INFORMATION PROVIDED –
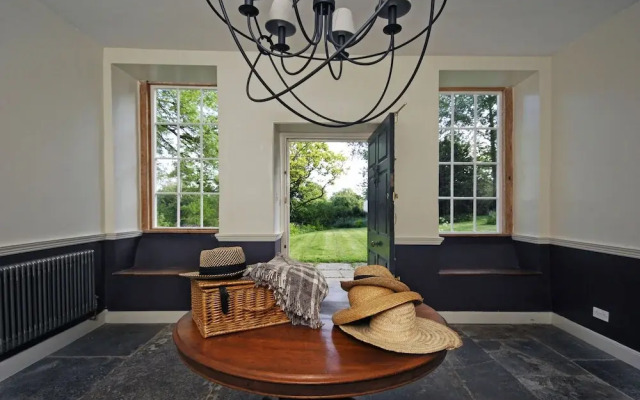 Beautiful 7 bedroom house hottub wifi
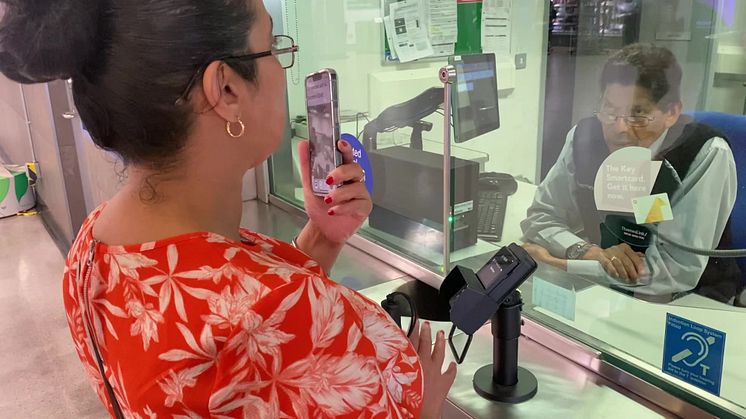 Part 2: Blind London Sight Loss Council member and volunteer Amrit Dhaliwal tries out the Aira app at Thameslink's Blackfriars station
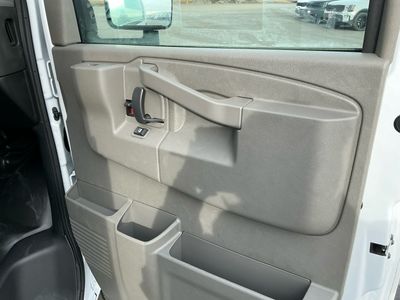 2025 Chevrolet Express Commercial Cutaway - Photo 10
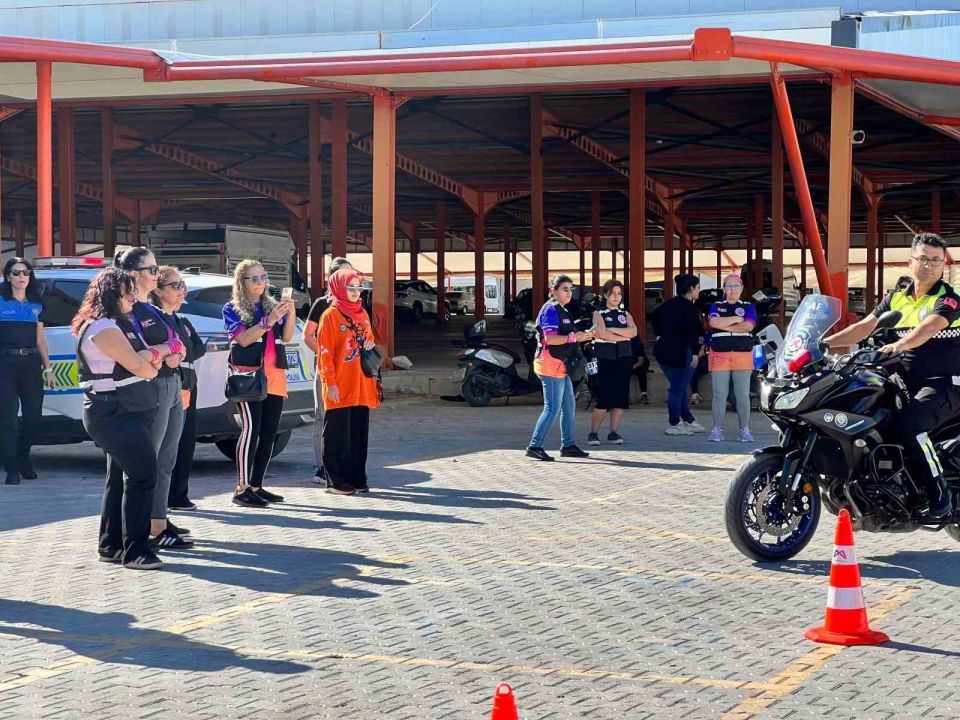 Kadın motosiklet sürücülerine uygulamalı eğitim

GOAL OF THE EXERCISE – Could the lines from the top of the material through the line with "2025 Chevrolet Express" be repeated exactly, pictures left out?

OUTPUT BELOW –
 Beautiful 7 bedroom house hottub wifi
 Part 2: Blind London Sight Loss Council member and volunteer Amrit Dhaliwal tries out the Aira app at Thameslink's Blackfriars station
 2025 Chevrolet Express Commercial Cutaway - Photo 10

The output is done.